Tokyo: Asian stocks sagged before monthly US jobs data on Friday, with property and resource shares weighing on Hong Kong and Australia falling, after soft US data raised concerns about the pace of economic recovery.
Gold slid from a record on profit-taking and crude futures fell for a third day after disappointing US service sector numbers, as investor caution reigned ahead of the November payrolls report seen as a health check of the economy.
Economists in a Reuters survey forecast 130,000 US jobs were lost in November compared with a loss of 190,000 jobs in October. The unemployment rate is seen at 10.2%, unchanged from the prior month. The data release is due at 7:00pm.
In Japan, shares were slightly lower after briefly squeezing into positive territory to top 10,000 for the first time in five weeks. The benchmark Nikkei index fluctuated after gains this week which saw it rise nearly 4% on Thursday.
“For further gains, investors need to see more clarity about Japan’s economic policies, along with US jobs data that could still surprise the market,” said Kenichi Hirano, operating officer at Tachibana Securities.

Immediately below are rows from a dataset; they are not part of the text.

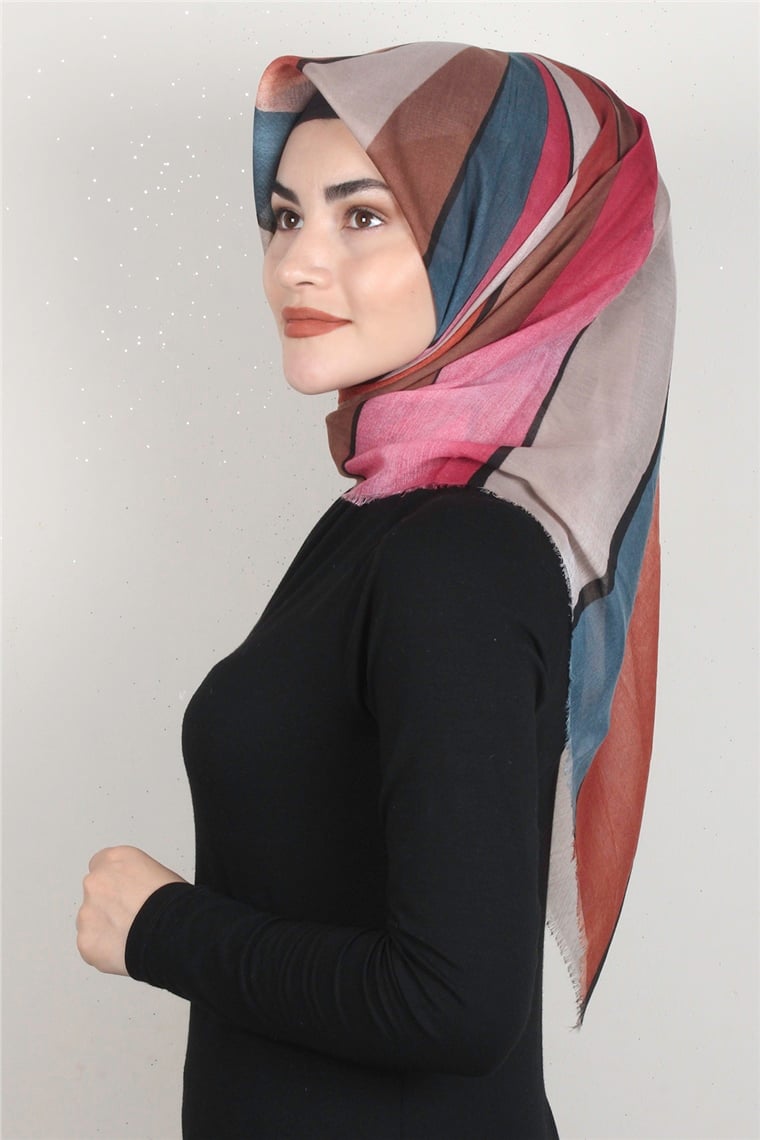 Coton Kare Eşarp 1678-15 Pembe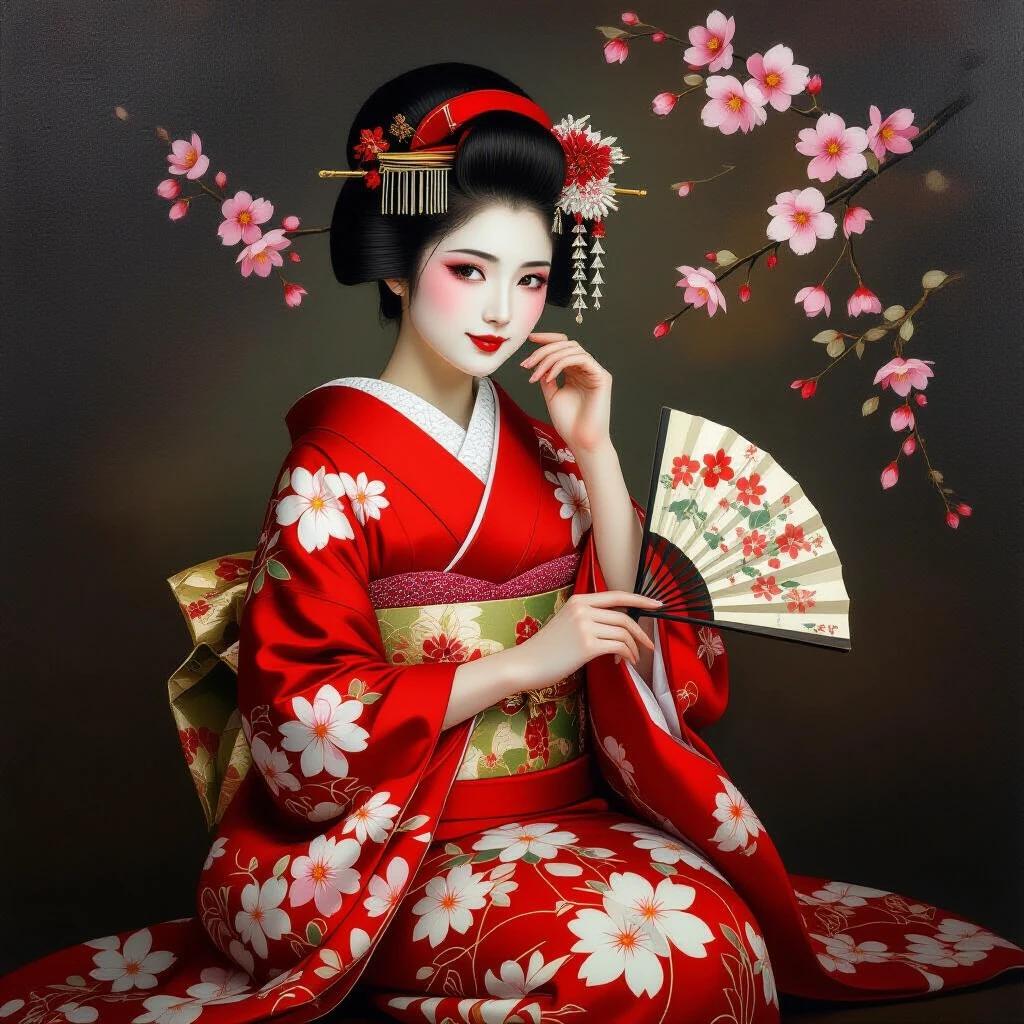 Captivating oil painting of a girl in a traditional Japanese geisha outfit. Red kimono with floral patterns including sakura. White tabi socks. Charming posture with a tilt of the head. Confident yet playful expression. Soft gaze. Refined hairstyle with okobo accessory. Subtle makeup. Elegant and relaxed stance. Holding a fan near her face. Delicate hand gestures. Dark background with warm lighting. Detailed textures in high-quality art. Cinematic composition.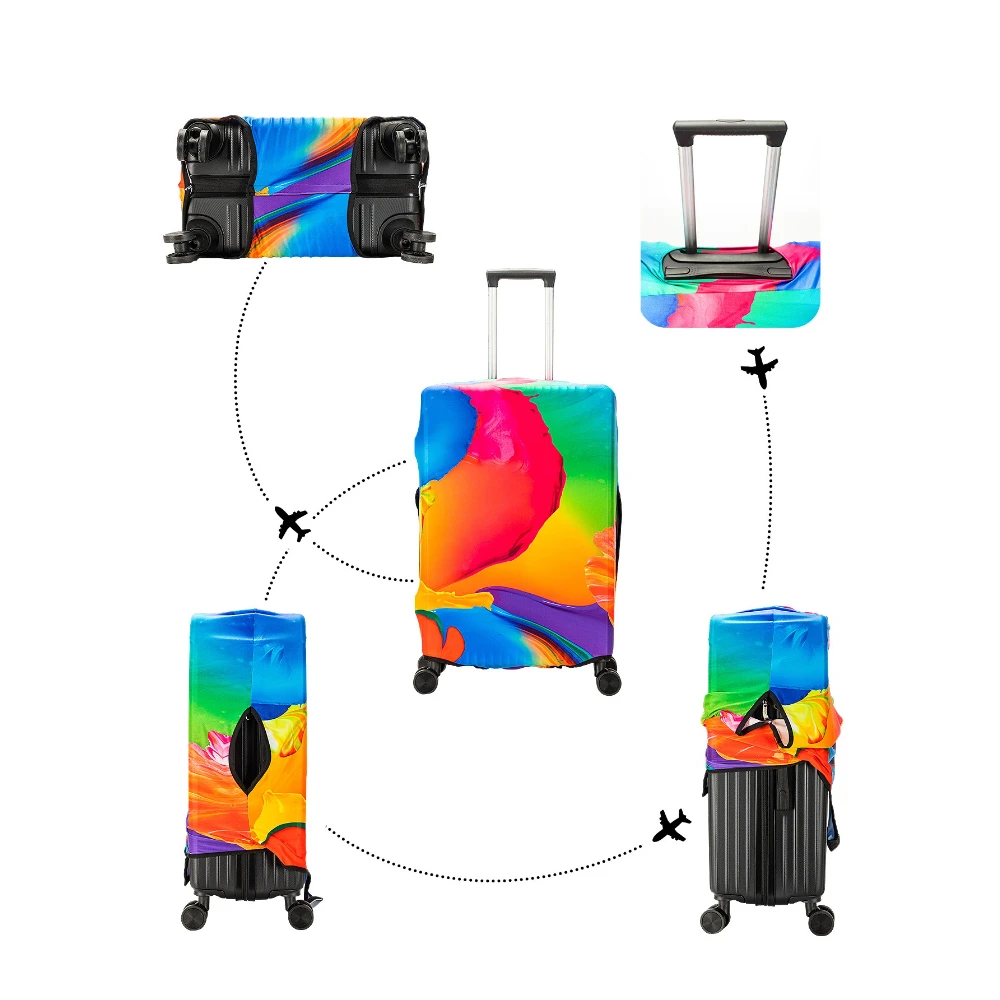 Fashionable Durable Custom Luggage Cover Travel Protector Waterproof Universal Fit 18-32 Inch Bag Cruise Vacation Zipper Closure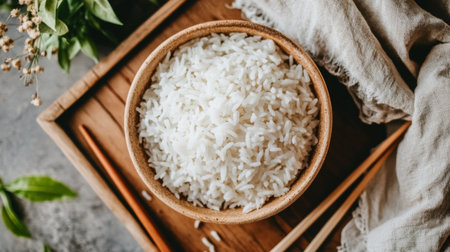 Beautifully arranged bowl of white rice sits on a rustic wooden tray, surrounded by soft fabrics and greenery, embodying a natural and healthy cooking style.の素材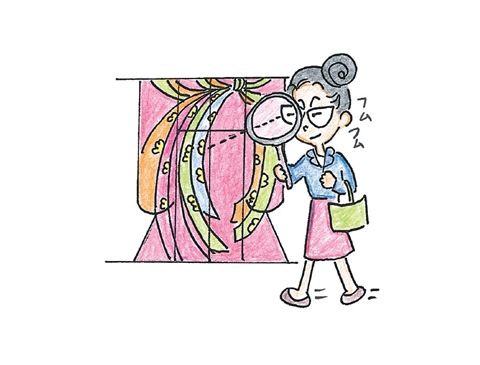 振袖を吟味する母親のイラスト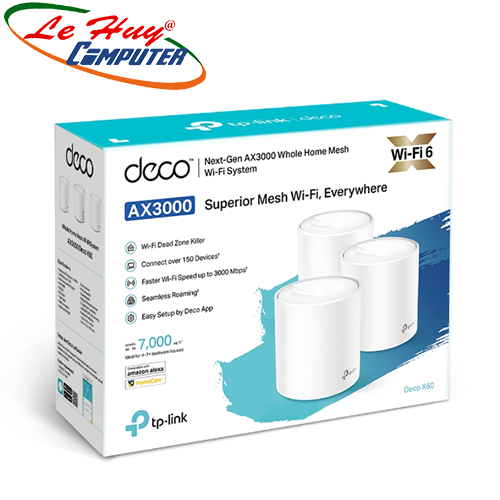  Bộ Phát Wifi Mesh TP-Link Deco X60 3-pack WIFI 6 AX3000Mbps  Verson 3.20  - Hàng Chính Hãng 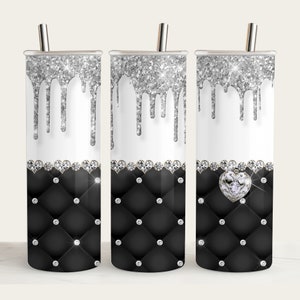 Black Glam Tumbler Wrap/Straight 20 oz Tumbler Wrap/Glam Tumbler Design/Luxury Tumbler Wrap/Seamless Tumbler Template/Drip Tumbler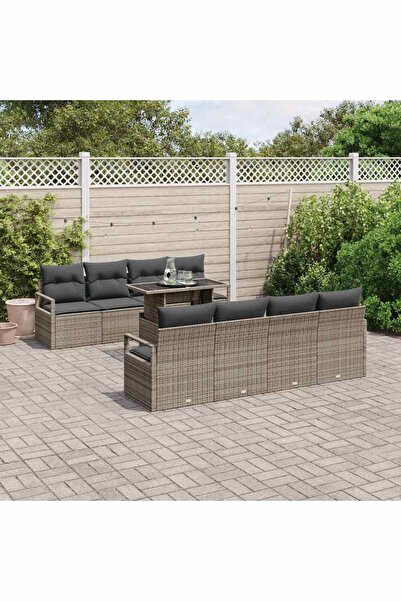 vidaxl Set de canapele pentru gradina cu perna 9 pcs Gri Rattan poli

Seoul shares rose as positive economic data and gains in shipyards and technology issues lent support.
The economy grew faster than initially predicted in the third quarter and the Korea Composite Stock Price Index (KOSPI) rose 0.9%.
But the MSCI index of Asia excluding Japan fell 0.8%.
Australian stocks fell 1.2%, with top miners BHP Billiton and Rio Tinto down about 2% ahead of an expected agreement on final terms for their planned iron ore joint venture.
Hong Kong stocks dropped 1.1%, undermined by the soft US data. Shares of Henderson Land fell after jumping more than 6% in the previous session and CNOOC dropped 1.3%.
US stocks fell on Thursday after the unexpected contraction in the vast services sector spurred worries about the recovery.
The Dow Jones Industrial Average shed 0.8%, along with the Standard & Poor’s 500 Index, while the Nasdaq Composite Index climbed 0.5%.
The dollar held steady at 88.25 yen, after rebounding this week from a recent 14-year trough.
The euro was unchanged at $1.5063, holding near a recent 16-month high after the European Central Bank suggested it would gradually withdraw emergency liquidity from the system..
Japanese government bonds slipped as the yen took a breather from its recent surge that stoked concerns of added deflationary pressure and prompted the Bank of Japan to step up its monetary easing.
Little impact was seen from the ruling parties’ efforts to finalise an economic stimulus package, with finance minister Hirohisa Fujii saying the government will stick to its principle of not raising bond issuance to fund stimulus.